[Start of section]

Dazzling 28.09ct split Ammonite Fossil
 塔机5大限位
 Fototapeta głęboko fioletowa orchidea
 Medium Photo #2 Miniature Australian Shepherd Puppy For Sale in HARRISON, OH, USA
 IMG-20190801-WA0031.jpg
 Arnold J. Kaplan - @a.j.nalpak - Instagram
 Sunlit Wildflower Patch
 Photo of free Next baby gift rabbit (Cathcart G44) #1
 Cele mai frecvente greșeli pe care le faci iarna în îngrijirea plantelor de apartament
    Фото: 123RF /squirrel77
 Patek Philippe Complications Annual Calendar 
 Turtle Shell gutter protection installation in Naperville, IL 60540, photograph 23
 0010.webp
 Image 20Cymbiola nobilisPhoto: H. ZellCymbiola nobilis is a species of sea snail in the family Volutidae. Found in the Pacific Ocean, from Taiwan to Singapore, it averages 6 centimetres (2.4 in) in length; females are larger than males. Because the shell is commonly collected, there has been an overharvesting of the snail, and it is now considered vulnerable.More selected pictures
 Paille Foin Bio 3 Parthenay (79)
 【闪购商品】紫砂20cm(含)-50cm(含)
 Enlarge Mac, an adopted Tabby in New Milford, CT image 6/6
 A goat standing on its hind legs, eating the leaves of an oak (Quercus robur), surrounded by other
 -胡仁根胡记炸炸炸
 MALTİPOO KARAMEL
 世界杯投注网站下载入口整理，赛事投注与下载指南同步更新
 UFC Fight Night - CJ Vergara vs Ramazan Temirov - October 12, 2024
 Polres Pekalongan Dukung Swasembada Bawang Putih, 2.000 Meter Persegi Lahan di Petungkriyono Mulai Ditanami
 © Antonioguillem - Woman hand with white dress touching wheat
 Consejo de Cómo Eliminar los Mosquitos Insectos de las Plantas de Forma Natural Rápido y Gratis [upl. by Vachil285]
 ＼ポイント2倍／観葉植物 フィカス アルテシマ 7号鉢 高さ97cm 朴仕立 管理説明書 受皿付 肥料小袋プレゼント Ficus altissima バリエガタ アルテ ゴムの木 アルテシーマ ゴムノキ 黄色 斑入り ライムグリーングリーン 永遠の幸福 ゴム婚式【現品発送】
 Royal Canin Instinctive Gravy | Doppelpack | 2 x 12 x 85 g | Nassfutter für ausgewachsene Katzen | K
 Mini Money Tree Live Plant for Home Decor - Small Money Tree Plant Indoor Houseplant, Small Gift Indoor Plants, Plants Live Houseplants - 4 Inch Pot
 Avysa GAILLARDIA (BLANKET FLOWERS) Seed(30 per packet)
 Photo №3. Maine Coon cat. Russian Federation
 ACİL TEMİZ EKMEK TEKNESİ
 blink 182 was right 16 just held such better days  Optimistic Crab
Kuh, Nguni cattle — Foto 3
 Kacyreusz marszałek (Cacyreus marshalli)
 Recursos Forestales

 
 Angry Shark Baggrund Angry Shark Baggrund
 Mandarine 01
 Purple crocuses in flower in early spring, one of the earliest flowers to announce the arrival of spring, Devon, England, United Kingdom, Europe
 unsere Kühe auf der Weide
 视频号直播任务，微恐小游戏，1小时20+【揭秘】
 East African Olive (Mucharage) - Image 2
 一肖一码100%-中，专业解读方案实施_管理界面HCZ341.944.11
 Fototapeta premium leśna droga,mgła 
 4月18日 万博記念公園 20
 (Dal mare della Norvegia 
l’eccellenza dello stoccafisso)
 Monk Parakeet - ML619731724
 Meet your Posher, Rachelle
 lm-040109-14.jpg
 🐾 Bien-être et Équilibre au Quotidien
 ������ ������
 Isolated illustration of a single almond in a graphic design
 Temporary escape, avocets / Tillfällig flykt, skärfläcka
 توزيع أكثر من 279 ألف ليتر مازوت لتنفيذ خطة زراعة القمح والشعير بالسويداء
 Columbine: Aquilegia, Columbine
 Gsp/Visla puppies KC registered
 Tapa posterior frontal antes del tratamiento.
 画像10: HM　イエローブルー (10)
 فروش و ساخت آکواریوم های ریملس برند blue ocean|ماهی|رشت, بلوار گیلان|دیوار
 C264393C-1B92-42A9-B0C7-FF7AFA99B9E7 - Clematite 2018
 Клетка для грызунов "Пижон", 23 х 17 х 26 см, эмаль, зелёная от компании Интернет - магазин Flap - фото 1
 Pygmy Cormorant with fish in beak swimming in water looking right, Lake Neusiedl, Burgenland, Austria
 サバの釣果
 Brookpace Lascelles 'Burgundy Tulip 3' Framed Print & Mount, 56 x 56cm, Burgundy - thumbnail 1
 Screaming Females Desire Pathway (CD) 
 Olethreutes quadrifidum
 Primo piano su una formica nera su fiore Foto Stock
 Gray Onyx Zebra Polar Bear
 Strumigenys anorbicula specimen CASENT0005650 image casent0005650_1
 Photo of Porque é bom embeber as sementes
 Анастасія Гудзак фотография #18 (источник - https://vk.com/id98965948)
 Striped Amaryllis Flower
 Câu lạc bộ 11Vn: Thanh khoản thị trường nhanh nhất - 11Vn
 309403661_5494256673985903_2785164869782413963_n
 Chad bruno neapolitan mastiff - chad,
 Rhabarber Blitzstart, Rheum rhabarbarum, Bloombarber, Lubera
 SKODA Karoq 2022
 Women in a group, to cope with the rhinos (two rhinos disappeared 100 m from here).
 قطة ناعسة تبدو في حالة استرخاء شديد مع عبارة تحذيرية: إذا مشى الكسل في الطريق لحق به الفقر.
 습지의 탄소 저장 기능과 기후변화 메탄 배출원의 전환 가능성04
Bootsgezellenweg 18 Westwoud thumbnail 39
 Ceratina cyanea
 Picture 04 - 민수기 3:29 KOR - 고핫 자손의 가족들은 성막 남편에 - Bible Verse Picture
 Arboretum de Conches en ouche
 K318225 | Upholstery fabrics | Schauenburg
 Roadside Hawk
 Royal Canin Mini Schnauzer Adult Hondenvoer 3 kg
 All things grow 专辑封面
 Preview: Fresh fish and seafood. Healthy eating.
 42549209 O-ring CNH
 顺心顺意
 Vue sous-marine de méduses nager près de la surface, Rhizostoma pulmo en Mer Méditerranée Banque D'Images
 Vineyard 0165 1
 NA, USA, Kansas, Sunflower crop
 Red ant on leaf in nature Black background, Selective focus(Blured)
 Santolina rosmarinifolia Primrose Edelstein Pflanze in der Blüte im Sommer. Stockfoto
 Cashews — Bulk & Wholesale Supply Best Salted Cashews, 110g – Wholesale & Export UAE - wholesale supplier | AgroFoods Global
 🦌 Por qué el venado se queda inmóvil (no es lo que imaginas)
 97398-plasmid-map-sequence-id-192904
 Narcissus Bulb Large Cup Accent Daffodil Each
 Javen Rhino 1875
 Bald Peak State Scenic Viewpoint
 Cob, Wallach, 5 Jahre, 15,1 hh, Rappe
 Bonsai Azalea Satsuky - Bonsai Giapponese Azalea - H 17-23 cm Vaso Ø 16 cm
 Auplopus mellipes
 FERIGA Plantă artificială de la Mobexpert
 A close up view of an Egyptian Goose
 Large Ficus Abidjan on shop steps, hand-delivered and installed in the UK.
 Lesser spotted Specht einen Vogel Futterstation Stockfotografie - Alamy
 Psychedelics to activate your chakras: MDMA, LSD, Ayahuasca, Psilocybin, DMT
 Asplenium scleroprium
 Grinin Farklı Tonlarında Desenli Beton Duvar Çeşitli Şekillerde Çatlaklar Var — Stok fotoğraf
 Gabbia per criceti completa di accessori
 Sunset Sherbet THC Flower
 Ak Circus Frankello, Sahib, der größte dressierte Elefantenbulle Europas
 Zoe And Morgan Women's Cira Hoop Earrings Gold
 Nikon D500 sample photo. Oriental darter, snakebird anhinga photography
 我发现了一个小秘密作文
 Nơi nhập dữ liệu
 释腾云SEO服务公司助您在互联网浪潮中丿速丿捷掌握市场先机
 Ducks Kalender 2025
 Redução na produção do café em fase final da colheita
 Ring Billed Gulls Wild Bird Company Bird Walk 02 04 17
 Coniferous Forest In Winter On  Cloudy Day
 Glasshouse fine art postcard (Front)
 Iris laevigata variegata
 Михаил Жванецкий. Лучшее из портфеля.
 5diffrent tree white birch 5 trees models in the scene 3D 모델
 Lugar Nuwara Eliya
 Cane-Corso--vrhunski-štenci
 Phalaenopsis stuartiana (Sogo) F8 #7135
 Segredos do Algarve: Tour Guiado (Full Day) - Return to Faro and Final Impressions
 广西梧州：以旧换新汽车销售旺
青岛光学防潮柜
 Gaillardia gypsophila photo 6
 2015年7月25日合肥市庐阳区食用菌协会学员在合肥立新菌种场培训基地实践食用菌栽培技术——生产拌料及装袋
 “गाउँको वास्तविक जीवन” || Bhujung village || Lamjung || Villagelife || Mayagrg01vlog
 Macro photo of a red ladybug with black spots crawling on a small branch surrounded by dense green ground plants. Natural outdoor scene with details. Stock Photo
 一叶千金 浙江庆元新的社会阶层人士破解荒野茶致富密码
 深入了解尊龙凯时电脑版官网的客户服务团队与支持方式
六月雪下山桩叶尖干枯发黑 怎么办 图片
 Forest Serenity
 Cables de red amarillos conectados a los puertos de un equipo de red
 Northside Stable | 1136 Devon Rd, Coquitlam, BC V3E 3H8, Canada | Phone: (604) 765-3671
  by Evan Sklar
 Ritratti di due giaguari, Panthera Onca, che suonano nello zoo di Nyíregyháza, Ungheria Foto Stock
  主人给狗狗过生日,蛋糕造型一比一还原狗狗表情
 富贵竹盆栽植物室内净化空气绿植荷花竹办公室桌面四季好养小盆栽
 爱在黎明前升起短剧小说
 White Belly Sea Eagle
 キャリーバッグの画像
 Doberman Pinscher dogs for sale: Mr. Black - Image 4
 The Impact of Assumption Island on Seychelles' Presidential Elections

[End of section]

**WHAT YOU ARE ASKED TO DO:**
Copy the lines from the start of the data verbatim, stopping after the line containing "ライムグリーングリーン 永遠の幸福 ゴム婚式【現品発送】".

**ANSWER TO THE EXERCISE:**
Dazzling 28.09ct split Ammonite Fossil
 塔机5大限位
 Fototapeta głęboko fioletowa orchidea
 Medium Photo #2 Miniature Australian Shepherd Puppy For Sale in HARRISON, OH, USA
 IMG-20190801-WA0031.jpg
 Arnold J. Kaplan - @a.j.nalpak - Instagram
 Sunlit Wildflower Patch
 Photo of free Next baby gift rabbit (Cathcart G44) #1
 Cele mai frecvente greșeli pe care le faci iarna în îngrijirea plantelor de apartament
    Фото: 123RF /squirrel77
 Patek Philippe Complications Annual Calendar 
 Turtle Shell gutter protection installation in Naperville, IL 60540, photograph 23
 0010.webp
 Image 20Cymbiola nobilisPhoto: H. ZellCymbiola nobilis is a species of sea snail in the family Volutidae. Found in the Pacific Ocean, from Taiwan to Singapore, it averages 6 centimetres (2.4 in) in length; females are larger than males. Because the shell is commonly collected, there has been an overharvesting of the snail, and it is now considered vulnerable.More selected pictures
 Paille Foin Bio 3 Parthenay (79)
 【闪购商品】紫砂20cm(含)-50cm(含)
 Enlarge Mac, an adopted Tabby in New Milford, CT image 6/6
 A goat standing on its hind legs, eating the leaves of an oak (Quercus robur), surrounded by other
 -胡仁根胡记炸炸炸
 MALTİPOO KARAMEL
 世界杯投注网站下载入口整理，赛事投注与下载指南同步更新
 UFC Fight Night - CJ Vergara vs Ramazan Temirov - October 12, 2024
 Polres Pekalongan Dukung Swasembada Bawang Putih, 2.000 Meter Persegi Lahan di Petungkriyono Mulai Ditanami
 © Antonioguillem - Woman hand with white dress touching wheat
 Consejo de Cómo Eliminar los Mosquitos Insectos de las Plantas de Forma Natural Rápido y Gratis [upl. by Vachil285]
 ＼ポイント2倍／観葉植物 フィカス アルテシマ 7号鉢 高さ97cm 朴仕立 管理説明書 受皿付 肥料小袋プレゼント Ficus altissima バリエガタ アルテ ゴムの木 アルテシーマ ゴムノキ 黄色 斑入り ライムグリーングリーン 永遠の幸福 ゴム婚式【現品発送】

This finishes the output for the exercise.